Electron-hole doping asymmetry of Fermi surface reconstructed in a simple Mott insulator

TL;DR

This study explores the electron-hole doping asymmetry in a simple organic Mott insulator, revealing distinct Fermi surface reconstructions and electronic behaviors through combined experimental and theoretical approaches.

Contribution

It provides new insights into doping asymmetry in organic Mott insulators using electric-double-layer transistor measurements and cluster perturbation theory.

Findings

Fermi arc state under hole doping due to anisotropic spectral weight suppression

Non-interacting-like Fermi surface emergence under electron doping

Hall coefficients and resistivity anisotropy match theoretical predictions

Abstract

It is widely recognised that the effect of doping into a Mott insulator is complicated and unpredictable, as can be seen by examining the Hall coefficient in high $T_{\rm c}$ cuprates.
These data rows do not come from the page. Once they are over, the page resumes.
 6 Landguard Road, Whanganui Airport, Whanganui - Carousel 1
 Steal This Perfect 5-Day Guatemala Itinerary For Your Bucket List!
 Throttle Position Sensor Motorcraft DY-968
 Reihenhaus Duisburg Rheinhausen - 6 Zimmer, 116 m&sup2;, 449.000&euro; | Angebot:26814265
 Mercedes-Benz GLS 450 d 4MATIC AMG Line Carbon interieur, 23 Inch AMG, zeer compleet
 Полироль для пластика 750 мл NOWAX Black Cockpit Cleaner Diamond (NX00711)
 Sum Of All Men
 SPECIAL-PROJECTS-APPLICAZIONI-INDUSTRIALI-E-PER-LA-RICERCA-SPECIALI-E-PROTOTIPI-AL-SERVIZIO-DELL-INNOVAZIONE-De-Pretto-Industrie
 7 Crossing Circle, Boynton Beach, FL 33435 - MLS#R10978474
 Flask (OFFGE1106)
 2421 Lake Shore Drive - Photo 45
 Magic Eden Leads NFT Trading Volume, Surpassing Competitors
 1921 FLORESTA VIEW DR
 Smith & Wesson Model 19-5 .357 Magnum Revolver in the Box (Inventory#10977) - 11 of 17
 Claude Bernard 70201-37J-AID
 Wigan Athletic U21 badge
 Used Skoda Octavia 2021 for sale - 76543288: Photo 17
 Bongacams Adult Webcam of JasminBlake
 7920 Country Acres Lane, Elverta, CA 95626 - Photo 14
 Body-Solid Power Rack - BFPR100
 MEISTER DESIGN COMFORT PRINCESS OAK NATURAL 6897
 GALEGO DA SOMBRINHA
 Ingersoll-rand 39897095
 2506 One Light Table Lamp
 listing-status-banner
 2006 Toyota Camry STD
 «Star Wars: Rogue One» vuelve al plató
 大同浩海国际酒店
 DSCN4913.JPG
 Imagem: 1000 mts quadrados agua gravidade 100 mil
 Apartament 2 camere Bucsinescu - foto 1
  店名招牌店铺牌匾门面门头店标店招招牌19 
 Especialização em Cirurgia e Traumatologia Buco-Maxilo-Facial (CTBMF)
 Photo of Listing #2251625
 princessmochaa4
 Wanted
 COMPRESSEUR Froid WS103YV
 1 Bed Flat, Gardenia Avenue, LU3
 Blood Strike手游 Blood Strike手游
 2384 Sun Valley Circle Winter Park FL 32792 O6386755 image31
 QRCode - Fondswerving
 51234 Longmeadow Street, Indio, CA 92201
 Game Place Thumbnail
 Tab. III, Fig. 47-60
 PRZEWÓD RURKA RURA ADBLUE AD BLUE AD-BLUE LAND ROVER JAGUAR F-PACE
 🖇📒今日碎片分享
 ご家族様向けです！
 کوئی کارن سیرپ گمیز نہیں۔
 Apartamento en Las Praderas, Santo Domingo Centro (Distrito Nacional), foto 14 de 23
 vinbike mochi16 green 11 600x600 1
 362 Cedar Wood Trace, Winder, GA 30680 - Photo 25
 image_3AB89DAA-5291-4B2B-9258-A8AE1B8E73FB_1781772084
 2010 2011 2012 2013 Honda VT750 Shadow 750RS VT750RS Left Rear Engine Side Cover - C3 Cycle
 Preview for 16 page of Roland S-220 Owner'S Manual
The doping effect, including the electron-hole doping asymmetry, may be more straightforward in doped organic Mott insulators owing to their simple electronic structures. Here we investigate the doping asymmetry of an organic Mott insulator by carrying out electric-double-layer transistor measurements and using cluster perturbation theory. The calculations predict that strongly anisotropic suppression of the spectral weight results in the Fermi arc state under hole doping, while a relatively uniform spectral weight results in the emergence of a non-interacting-like Fermi surface in the electron-doped state. In accordance with the calculations, the experimentally observed Hall coefficients and resistivity anisotropy correspond to the pocket formed by the Fermi arcs under hole doping and to the non-interacting Fermi surface under electron doping.